The lines from the one with "this 1344×896 image." through the last line below are to be copied exactly; no other lines are to be returned.

Stored data entries
·····

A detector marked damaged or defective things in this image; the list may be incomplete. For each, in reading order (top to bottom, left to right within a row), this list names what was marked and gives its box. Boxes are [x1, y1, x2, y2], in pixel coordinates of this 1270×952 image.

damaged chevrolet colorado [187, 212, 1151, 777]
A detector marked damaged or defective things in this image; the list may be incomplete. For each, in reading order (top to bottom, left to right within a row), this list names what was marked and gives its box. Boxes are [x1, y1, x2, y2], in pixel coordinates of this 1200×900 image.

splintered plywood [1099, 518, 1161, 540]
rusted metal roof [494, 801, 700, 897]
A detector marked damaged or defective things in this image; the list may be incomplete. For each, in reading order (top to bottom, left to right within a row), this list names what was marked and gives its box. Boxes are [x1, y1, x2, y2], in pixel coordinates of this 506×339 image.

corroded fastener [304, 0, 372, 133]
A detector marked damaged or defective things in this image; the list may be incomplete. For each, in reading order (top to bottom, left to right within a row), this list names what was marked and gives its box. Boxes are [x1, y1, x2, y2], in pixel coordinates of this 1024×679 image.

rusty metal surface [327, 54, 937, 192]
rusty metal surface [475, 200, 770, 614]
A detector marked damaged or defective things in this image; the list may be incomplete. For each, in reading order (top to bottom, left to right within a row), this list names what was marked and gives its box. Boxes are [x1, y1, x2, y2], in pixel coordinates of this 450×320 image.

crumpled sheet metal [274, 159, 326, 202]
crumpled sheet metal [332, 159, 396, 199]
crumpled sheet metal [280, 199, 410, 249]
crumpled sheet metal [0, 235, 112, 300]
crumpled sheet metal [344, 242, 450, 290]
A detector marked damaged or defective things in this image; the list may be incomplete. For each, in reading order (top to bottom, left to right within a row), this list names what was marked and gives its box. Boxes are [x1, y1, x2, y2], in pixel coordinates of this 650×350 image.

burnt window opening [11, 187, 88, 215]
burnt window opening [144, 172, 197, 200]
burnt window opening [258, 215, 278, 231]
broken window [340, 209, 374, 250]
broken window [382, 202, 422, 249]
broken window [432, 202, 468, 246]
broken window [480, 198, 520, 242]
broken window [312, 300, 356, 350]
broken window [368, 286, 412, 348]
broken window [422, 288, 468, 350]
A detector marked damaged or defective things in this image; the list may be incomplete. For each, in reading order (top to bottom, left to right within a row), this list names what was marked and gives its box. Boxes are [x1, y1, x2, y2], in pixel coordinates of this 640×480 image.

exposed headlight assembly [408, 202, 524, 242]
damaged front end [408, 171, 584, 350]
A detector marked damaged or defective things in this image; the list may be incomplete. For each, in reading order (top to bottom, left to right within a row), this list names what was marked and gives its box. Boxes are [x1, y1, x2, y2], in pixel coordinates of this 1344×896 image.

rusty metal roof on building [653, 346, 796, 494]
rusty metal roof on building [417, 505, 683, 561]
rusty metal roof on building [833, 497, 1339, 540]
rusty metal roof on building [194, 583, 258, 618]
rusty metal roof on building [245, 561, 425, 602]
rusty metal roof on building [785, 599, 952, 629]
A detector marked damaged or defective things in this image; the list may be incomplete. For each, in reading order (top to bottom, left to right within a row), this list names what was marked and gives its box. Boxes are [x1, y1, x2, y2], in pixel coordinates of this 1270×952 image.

·····

- **ANSWER BELOW**:
A detector marked damaged or defective things in this image; the list may be incomplete. For each, in reading order (top to bottom, left to right within a row), this list names what was marked and gives its box. Boxes are [x1, y1, x2, y2], in pixel coordinates of this 1344×896 image.

rusty metal roof on building [653, 346, 796, 494]
rusty metal roof on building [417, 505, 683, 561]
rusty metal roof on building [833, 497, 1339, 540]
rusty metal roof on building [194, 583, 258, 618]
rusty metal roof on building [245, 561, 425, 602]
rusty metal roof on building [785, 599, 952, 629]
A detector marked damaged or defective things in this image; the list may be incomplete. For each, in reading order (top to bottom, left to right within a row), this list names what was marked and gives its box. Boxes are [x1, y1, x2, y2], in pixel coordinates of this 1270×952 image.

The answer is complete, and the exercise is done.